With the central banks having sold off a good portion of their gold reserves the return to a gold standard will be all the more painful. But it will happen within the next two decades, maybe already within the next five years. Gold has been the universe currency in the 6000 year old history of the monetarized world. To think this will not be the case again only because it has been abandoned for the last 35 years seems a bit unrealistic when one looks at the looming problems the coming acceleration of inflation will bring upon the world.
The smart money is already moving into gold: China and India are building up gold reserves and the European countries seem to be more and more unwilling to continue their drafted gold sale programs which helped drive the gold price down to 250 dollars only 5 years ago. Malaysia proposes a common muslim currency - backed by gold of course.
Not being able to imagine a painless way out of the dilemma of paper currencies without a backing with some real values like gold and silver I fear the day when the whole world will rush to the exit. All those dollars nobody will want any more will create the yet unknown scenario C which will make the 1930's depression look like like a bee-sting compared to the pain in our ripped open chests we will experience.


John Trudgian said...

Senario B is closer than you may think.

The western economies, including US, Europe, Japan just can't handle higher rates. The central banks can talk tough - but they have little amunition left.

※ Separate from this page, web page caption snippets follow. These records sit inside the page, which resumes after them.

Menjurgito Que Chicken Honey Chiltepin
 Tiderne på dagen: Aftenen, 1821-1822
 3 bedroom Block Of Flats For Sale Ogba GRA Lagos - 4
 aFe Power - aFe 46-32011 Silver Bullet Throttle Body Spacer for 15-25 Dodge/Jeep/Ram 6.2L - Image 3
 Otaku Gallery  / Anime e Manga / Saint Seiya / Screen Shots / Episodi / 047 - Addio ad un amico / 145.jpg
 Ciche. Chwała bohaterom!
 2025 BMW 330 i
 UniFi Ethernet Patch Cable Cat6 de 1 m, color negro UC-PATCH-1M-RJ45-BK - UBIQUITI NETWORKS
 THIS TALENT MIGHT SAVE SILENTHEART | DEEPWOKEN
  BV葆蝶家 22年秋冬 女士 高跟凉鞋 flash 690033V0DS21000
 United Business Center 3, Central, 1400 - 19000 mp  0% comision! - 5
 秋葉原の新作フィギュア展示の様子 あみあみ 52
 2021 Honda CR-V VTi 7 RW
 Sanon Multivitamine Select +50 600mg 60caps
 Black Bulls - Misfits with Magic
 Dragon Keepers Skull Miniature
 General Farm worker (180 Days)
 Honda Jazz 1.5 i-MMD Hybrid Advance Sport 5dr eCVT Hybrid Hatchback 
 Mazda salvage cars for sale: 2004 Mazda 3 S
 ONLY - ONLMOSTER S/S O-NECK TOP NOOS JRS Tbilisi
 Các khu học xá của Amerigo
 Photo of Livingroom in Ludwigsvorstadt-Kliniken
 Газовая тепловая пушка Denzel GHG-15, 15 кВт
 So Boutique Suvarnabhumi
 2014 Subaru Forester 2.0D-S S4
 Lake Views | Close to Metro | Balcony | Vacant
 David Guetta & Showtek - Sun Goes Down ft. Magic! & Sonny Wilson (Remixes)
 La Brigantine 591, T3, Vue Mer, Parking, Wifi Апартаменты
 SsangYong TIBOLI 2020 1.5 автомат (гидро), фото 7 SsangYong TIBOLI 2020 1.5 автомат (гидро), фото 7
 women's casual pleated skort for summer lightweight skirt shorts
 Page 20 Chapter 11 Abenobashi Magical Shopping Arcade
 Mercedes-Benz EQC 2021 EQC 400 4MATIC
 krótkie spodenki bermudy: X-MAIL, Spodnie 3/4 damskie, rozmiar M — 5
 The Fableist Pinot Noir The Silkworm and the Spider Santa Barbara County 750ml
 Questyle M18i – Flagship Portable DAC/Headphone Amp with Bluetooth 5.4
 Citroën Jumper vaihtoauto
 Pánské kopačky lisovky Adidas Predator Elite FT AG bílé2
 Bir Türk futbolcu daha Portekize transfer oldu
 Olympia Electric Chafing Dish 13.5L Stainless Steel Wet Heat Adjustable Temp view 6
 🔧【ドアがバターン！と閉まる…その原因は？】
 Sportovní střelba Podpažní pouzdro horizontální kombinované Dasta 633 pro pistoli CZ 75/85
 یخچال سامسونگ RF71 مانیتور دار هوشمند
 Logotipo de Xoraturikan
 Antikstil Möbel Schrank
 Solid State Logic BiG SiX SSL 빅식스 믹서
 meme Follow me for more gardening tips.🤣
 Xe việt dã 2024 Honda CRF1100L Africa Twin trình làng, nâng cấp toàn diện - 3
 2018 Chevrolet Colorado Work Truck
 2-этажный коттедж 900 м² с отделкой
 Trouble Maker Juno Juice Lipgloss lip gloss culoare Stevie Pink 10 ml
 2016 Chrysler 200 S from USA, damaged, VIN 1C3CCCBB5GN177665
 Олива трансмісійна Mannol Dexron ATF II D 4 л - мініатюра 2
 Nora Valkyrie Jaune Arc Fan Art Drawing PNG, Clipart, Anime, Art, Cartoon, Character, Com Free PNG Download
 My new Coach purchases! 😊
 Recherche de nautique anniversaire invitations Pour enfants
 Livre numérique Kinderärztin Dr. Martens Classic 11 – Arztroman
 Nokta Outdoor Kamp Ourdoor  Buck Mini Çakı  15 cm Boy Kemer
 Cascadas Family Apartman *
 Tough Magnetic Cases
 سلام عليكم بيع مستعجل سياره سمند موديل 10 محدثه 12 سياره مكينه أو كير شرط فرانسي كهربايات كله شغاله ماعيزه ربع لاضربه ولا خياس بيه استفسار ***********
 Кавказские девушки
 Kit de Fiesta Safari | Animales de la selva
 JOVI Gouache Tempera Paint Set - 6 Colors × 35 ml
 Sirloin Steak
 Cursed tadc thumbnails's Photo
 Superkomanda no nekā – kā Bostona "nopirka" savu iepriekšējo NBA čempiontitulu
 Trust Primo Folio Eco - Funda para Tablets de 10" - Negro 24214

We are probably closer to the end of the raising cycle than the beginning. In the US, a couple taps on the rate and the housing market falls over.

In Europe 12% unemployed is not a good starting point for a hard currency.

Better not even mention the Bank of Japan's "helicopter money" - nobody even listens to them anymore.

Greenspan's problem is avoid the Japanese syndrome - He has to get the rate high enough that he can make some sort of an impact when when he has to put it down again.

Now that the EU ministers have officially debased their currency - recent shredding the stability pact - Gold is by default the only game in town for those who desire a hard currency.

How long before markets react - as always a catlyst is required. A spectacular corporate default? - AIG, GM or Fannie May.

Watch this space ...

07 April, 2005 17:41

Well, I do not really imagine this is likely to work.